The increased use of these services indicates that soldiers and families are using these programs.
For example, the number of soldiers that have been seen in behavioral health clinics has steadily increased over the past five years, the total number of behavioral health clinic visits increased, and the number of soldiers that participate in “Strong Bonds” marital retreats has increased.
These types of programs are geared toward getting the Army out “in front” of the suicide, and will ultimately help lower suicide rates.
“Despite the tough enemies our Army encountered in Iraq and Afghanistan, suicide is the toughest enemy we’ve faced, and I’m confident we will defeat this enemy,” said Joseph Westphal, undersecretary of the Army.

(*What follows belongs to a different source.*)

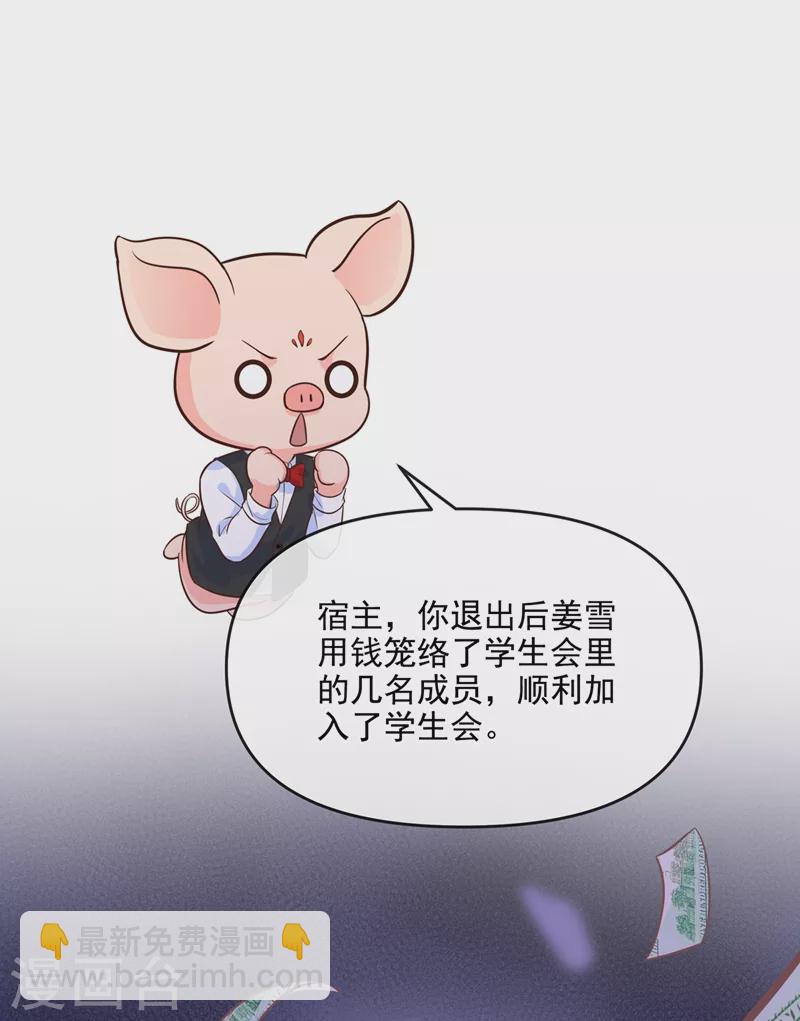 第40话 就凭，他是我的！-第41话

“I’ve served as a senior leader in the Army and various capacities, across several administrations, and I have never seen a challenge that, when Army leadership put their minds to it, they weren’t able to address it successfully.”
Stigma toward seeking behavioral health support is a national problem which the Army takes very seriously. Numerous surveys indicate that some soldiers are reluctant to seek help because they view it as a sign of weakness, or they believe their leaders will view it as a sign of weakness.
However, over the past several years there has been a decrease in the percentage of soldiers that hold these views.
At the same time, the number of soldiers who are using treatment programs such as behavioral health and substance abuse has steadily increased which indicates soldiers are overcoming those stigma barriers. It will take time to change this culture, but through actions and example, Army leaders are beginning that transformation.
Army leaders have developed and implemented numerous initiatives to address the issue of stigma as it relates to seeking behavioral (mental) health services including:
-- The co-location of behavioral health and primary healthcare providers (Respect-Mil and Medical Home Model) within medical service facilities;
-- Stigma reduction messaging is included in all suicide prevention training videos;
-- Strategic communications initiatives launched to promote help-seeking behavior for soldiers and their families (to include PSAs using celebrities as well as Army leaders);
-- Policy revisions have been promulgated to discontinue use of the term “mental” when referring to mental health services and replace it with “behavioral” and
-- Continued exploration of opportunities to employ confidential behavioral health and related services
The Army has expanded its Applied Suicide Intervention Skills Training, or ASIST, efforts and developed and fielded a number of training tools to facilitate units’ training.
Other programs designed to combat suicide include the Comprehensive Soldier and Family Fitness, or CSF2, program, which the Army instituted in 2012. It is an update to the Comprehensive Soldier Fitness program, which equips and trains soldiers, family members and Army civilians for the psychological as well as physical rigors of sustained operations.